E-Mart is Korea's largest hypermarket chain, centered on a standalone business that sells food and household goods cheaply and in volume through its discount stores and its Traders warehouse format, wrapped inside a retail conglomerate that also owns SCK Company (which operates Starbucks), Shinsegae Property (developer of the Starfield malls), Chosun Hotel, SSG.com, and Shinsegae E&C. In the first quarter of 2026 standalone gross revenue reached ₩4.7152 trillion and consolidated operating profit hit its highest level in 14 years, confirming a recovery in the core business, while the company is carrying out a higher minimum dividend (₩2,000 to ₩2,500) and an annual cancellation of 280,000 treasury shares. What stands out lately is that, factoring in the recovering core profitability, its strong subsidiaries, and its nationwide real estate, the shares sit in undervalued (NAV) territory relative to net assets; on the other side, the ROE of 1.2% points to thin margins, the debt ratio of 304.6% carries a heavy interest burden, and net profit can swing quarter to quarter with subsidiary results and one-off items.
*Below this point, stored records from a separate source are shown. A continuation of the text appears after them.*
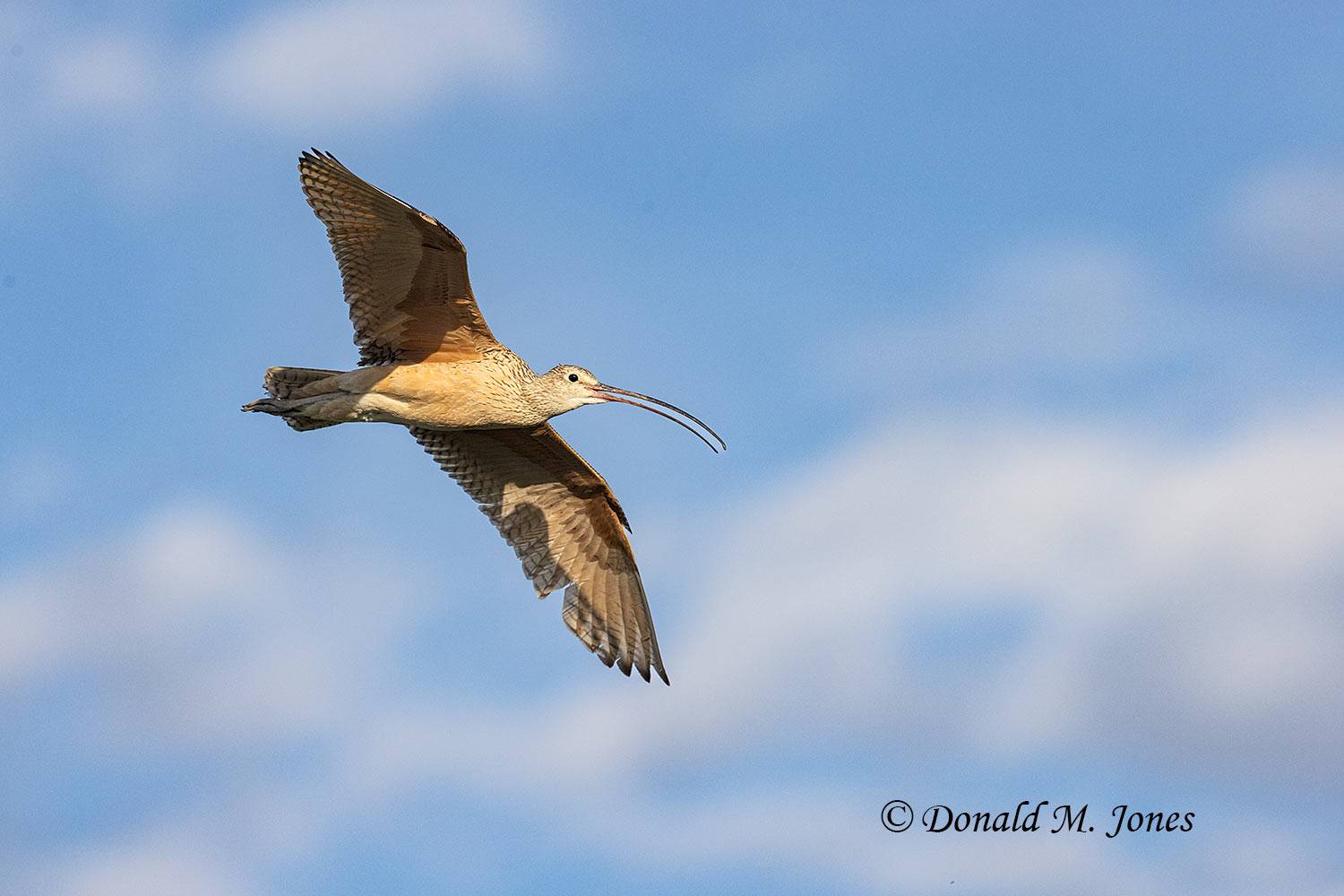 Long-billed Curlew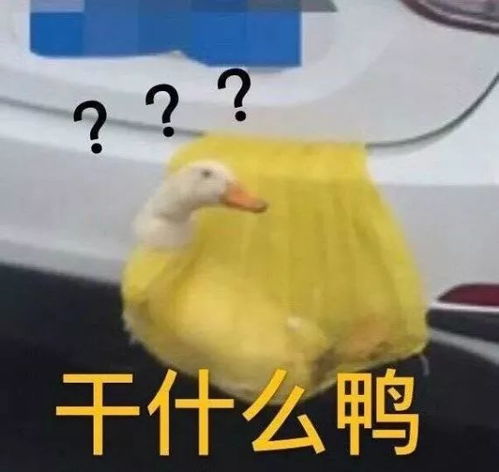 李晨见她愁,郑恺叫她姐,什么样的女子天团连跑男都能搞定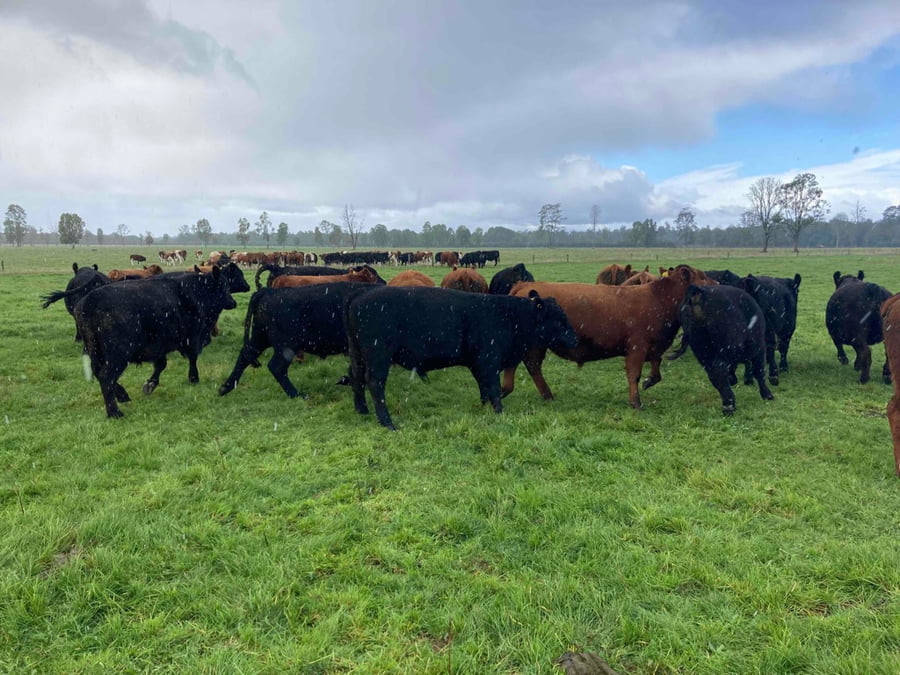 Lote 54 Novillo Engorda en Puerto Varas, X Región Los Lagos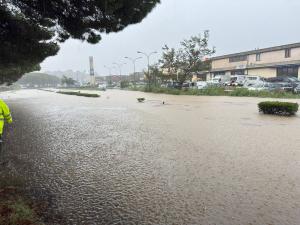 Dalle Isole Minori dell'ANCIM La solidarietà a Portoferraio: "necessarie soluzioni definitive"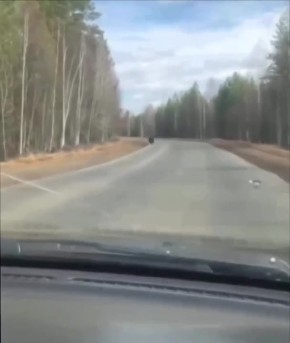 ������� ����� �� ������ � ����-�������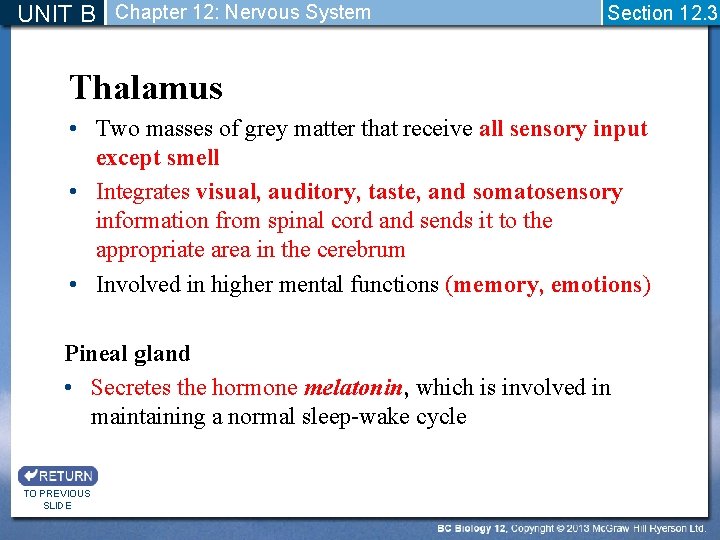 UNIT B Chapter 12: Nervous System Section 12. 3 Thalamus • Two masses of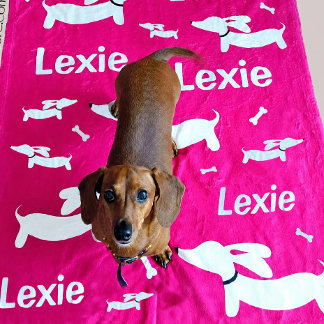 Dachshund Deken Roze Gepersonaliseerd Doxie Cadeau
At-a-glance assessment financial health · growth · profitability · valuation
- Debt far exceeds equity (debt ratio 304.6%).
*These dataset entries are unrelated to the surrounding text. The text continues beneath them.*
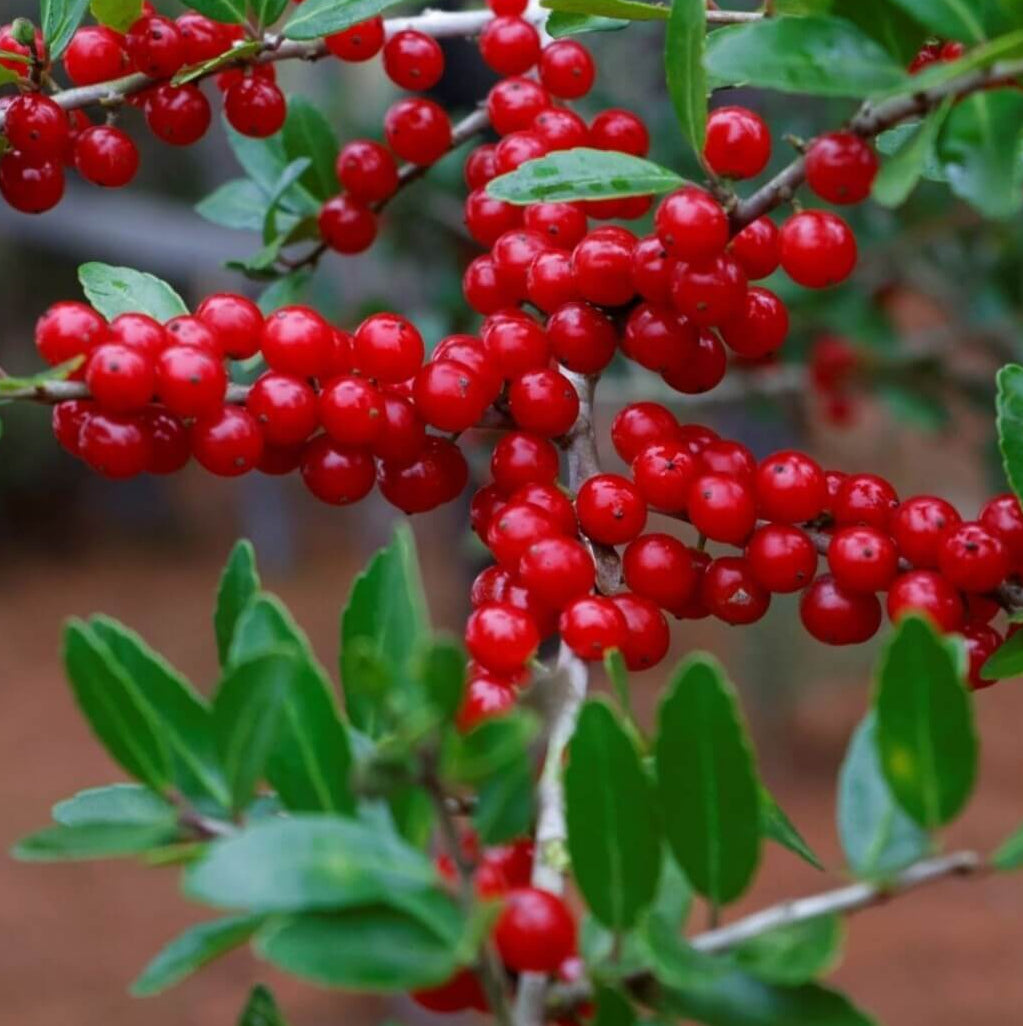 Ilex Vomitoria Yaupon Holly Seeds - Herbal Plant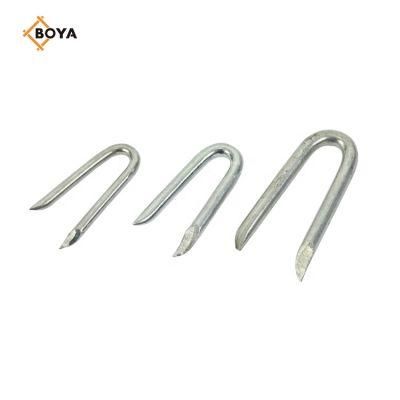 Best Choice Barbed U Shape Iron Wire Nail Common Diamond Sharp U Type Nail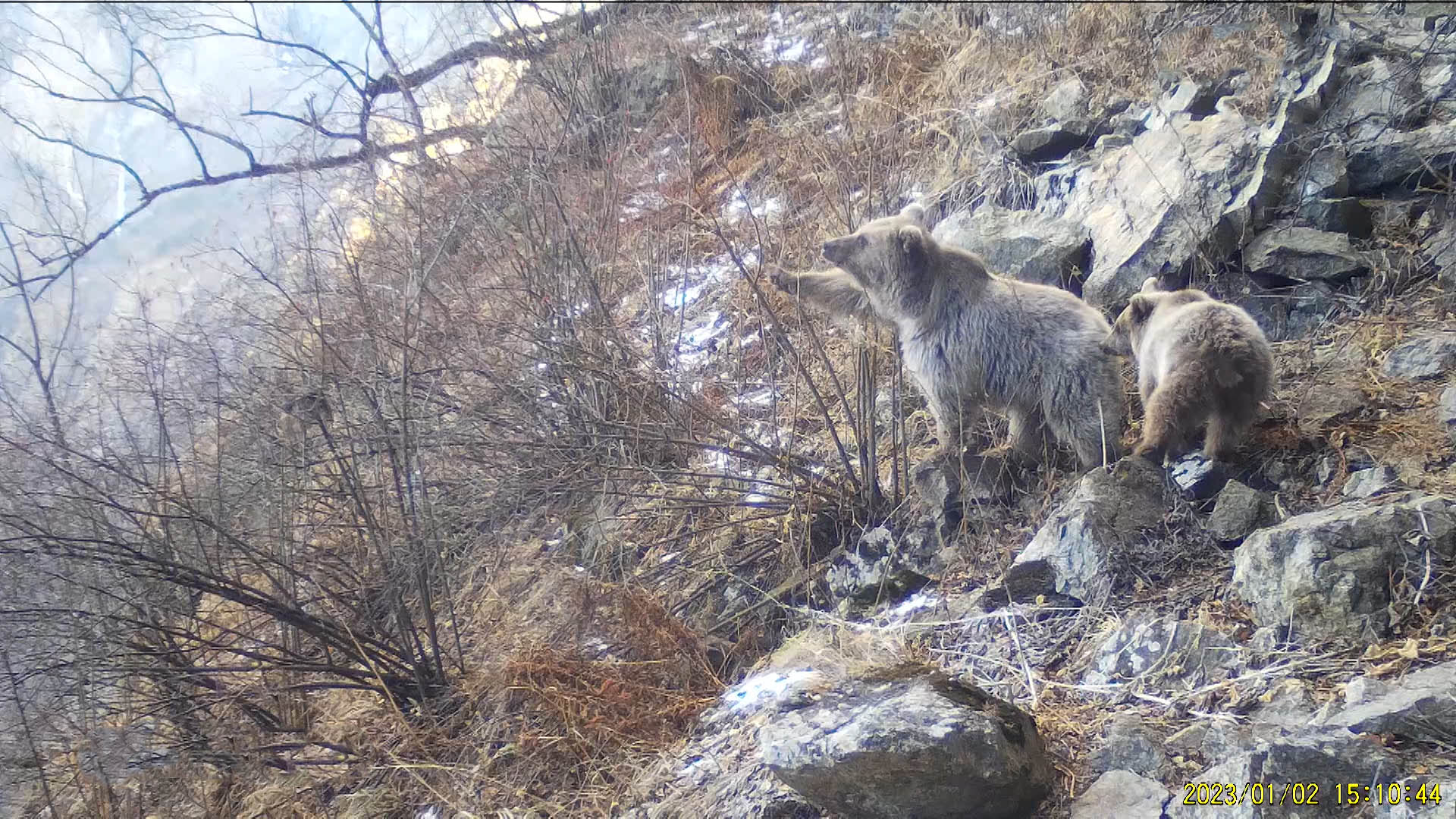 Минприроды: ситуация с медведями – на контроле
- Assets that can be turned to cash within a year fall short of near-term liabilities (current ratio 61.9%).
- Operating profit barely covers the interest bill (interest coverage below 1x).
- Revenue fell 0.2% year over year (3-year trend: falling).
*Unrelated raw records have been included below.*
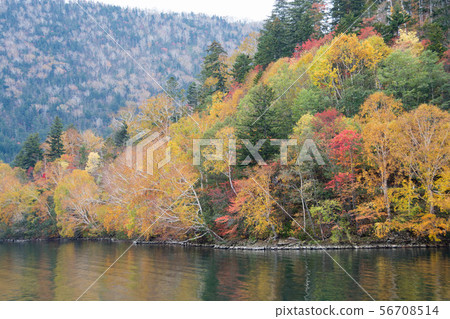 Colorfully colored forest and lake surface 56708514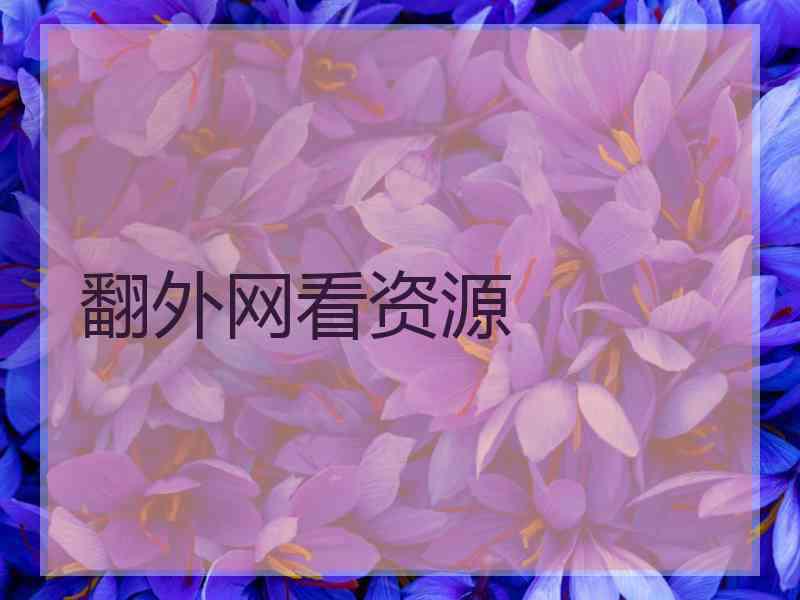 翻外网看资源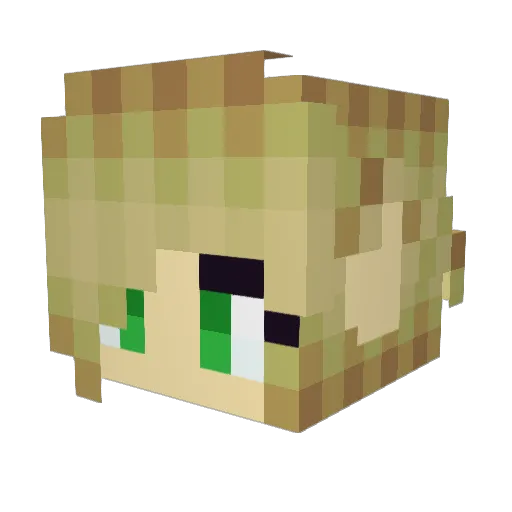 Sasjulias Minecraft avatar head, 3D render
- Net profit swung from a loss a year earlier back into the black (a turnaround).
- Most recent quarter (Q1 2026) revenue was 1.3% lower than a year earlier.
- ROE is 1.2% (controlling-interest basis). It is below the sector average.
- Operating margin is 1.1%.
- P/B is low versus peers too, so it looks cheap on an asset basis as well.
Ownership & governance As of 2025-12-31
Largest shareholder Chung Yong-jin 28.85% (individual)
Controlling bloc incl. related parties 28.85%
With the controlling bloc holding 29%, control is maintained but the free float is relatively large.
🔎 In-depth analysis
- E-Mart is Korea's largest hypermarket chain.
- It makes money in three broad ways.
- First is the standalone business (E-Mart proper), which generates revenue by selling food and household goods cheaply and in volume through its discount stores (hypermarkets) and its Traders warehouse format.
- In the first quarter of 2026 standalone gross revenue was ₩4.7152 trillion, within which the discount stores contributed ₩3.0078 trillion and Traders led the profit growth.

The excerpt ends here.